From biodiversity to everyday skills
Increasing awareness of food production is another of the main tasks of the organization. Cortese thinks that they will also concentrate more on PR in the future. If even one of his goals is reached, Cortese will be satisfied.
”We can do a lot more work than just activities and events.”
The activities are an important form of fundraising. Their main fundraising target is Africa, where the international Slow Food organization has set a goal of 10,000 orchards. Building an orchard costs about 900 € and they have already built about 1,000 of them. Two members of Slow Food Torino Città have been in Senegal during the Spring, helping the local people build the orchards and educating people.

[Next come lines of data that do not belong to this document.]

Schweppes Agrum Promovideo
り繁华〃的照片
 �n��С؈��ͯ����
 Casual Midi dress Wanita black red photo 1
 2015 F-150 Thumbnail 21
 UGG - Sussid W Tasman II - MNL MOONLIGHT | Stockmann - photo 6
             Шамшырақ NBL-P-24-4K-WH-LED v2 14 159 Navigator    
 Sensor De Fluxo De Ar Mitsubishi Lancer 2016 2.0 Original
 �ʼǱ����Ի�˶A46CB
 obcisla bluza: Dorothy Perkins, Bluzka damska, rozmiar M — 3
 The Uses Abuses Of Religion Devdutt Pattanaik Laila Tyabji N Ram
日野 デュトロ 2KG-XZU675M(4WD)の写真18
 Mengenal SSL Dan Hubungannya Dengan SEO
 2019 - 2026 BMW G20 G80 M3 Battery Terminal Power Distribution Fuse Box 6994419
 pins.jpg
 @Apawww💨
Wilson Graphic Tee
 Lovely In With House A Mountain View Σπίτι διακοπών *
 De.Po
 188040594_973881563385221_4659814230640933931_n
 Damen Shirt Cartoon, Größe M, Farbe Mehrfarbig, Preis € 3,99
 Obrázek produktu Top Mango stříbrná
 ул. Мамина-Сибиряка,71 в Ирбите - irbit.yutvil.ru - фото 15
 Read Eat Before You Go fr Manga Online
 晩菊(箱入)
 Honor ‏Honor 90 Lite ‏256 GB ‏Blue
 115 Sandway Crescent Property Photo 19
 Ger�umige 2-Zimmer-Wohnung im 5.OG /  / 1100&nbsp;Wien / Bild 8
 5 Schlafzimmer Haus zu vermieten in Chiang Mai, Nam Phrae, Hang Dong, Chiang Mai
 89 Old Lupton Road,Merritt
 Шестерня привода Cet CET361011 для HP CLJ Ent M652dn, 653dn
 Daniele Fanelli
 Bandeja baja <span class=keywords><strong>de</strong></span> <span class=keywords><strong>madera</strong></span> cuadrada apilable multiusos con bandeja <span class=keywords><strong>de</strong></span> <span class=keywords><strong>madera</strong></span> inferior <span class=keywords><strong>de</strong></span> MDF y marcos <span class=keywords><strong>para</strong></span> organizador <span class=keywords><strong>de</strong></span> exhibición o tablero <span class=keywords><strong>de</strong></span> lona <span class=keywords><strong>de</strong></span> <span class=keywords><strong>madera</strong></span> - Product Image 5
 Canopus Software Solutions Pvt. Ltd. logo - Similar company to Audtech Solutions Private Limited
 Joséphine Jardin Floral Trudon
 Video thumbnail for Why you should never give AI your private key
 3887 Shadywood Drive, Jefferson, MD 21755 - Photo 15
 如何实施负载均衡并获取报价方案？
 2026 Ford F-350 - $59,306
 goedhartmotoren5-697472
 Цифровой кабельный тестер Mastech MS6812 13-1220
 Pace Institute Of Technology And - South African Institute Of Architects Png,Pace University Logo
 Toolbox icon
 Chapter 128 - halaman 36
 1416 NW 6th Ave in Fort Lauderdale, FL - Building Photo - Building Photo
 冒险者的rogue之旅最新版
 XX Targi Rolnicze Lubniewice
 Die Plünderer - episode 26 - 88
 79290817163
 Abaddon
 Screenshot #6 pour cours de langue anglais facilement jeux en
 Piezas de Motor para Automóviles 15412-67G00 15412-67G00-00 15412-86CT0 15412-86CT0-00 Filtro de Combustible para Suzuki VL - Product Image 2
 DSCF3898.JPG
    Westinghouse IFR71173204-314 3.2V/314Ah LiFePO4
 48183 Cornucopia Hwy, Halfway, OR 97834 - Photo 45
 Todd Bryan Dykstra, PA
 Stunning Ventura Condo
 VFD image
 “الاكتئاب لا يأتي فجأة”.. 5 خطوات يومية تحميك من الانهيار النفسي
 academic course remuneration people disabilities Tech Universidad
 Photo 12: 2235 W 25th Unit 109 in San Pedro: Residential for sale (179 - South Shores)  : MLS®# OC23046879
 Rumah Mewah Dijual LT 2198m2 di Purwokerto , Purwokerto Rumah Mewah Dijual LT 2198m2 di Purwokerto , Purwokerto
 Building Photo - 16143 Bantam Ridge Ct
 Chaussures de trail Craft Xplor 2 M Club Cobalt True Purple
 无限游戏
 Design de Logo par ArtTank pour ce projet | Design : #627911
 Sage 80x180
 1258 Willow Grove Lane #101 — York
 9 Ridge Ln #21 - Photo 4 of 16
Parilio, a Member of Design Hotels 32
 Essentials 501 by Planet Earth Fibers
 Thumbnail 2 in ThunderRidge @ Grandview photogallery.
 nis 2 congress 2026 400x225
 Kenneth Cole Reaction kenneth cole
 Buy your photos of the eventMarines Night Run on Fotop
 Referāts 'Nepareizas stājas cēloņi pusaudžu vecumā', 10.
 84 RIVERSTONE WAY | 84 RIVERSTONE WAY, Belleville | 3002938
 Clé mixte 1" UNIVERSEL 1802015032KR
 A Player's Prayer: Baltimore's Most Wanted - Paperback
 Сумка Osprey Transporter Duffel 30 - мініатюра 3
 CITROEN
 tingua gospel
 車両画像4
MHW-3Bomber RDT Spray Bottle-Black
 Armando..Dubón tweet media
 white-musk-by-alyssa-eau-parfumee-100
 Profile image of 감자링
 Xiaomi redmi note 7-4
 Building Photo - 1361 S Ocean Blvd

Although biodiversity and saving the world orchard by orchard are key topics in Slow Food organization, educating people is important too. For example, Slow Food Torino Città arranged an event for 400 people where they could learn how to bake homemade bread.
”There is demand for this kind of events. People want to go back to basics, learn how make their own bread like their ancestors did,” Cortese states.
But not all the events are as popular as the bread-making event. Cortese estimates that the events usually have about 50-80 participants.
”The important thing now is first to keep all our existing members and then gain more active members to the association,” he tells.
Getting young people involved is especially difficult, but Cortese has already made some plans for the future. The association is educating kids in high schools and organizing events for children too, so that Slow Food can be a part of their lives from a young age. Cortese finds young people problematic because of the lack of interest and their changing life situations. Slow Food has an international youth network and the University of Gastronomic Sciences educates students together with young farmers, fishers, artisans, chefs and activists.
Dream of a Slow Food Market
The background of food is an important aspect when defining if food is Slow Food or not. Producers, often farmers, should really make a living and some real profit with their products. The farmers do not approach Slow Food organization, so the organization has to do a lot of work to get farmers committed to their rules. For Slow Food association, it is extremely important for the farmer to get a proper benefit for the product they are selling.
”Big supermarkets sell the same products as our farmers do but for a lot smaller price. It is obvious that the farmers do not get enough of income from that.”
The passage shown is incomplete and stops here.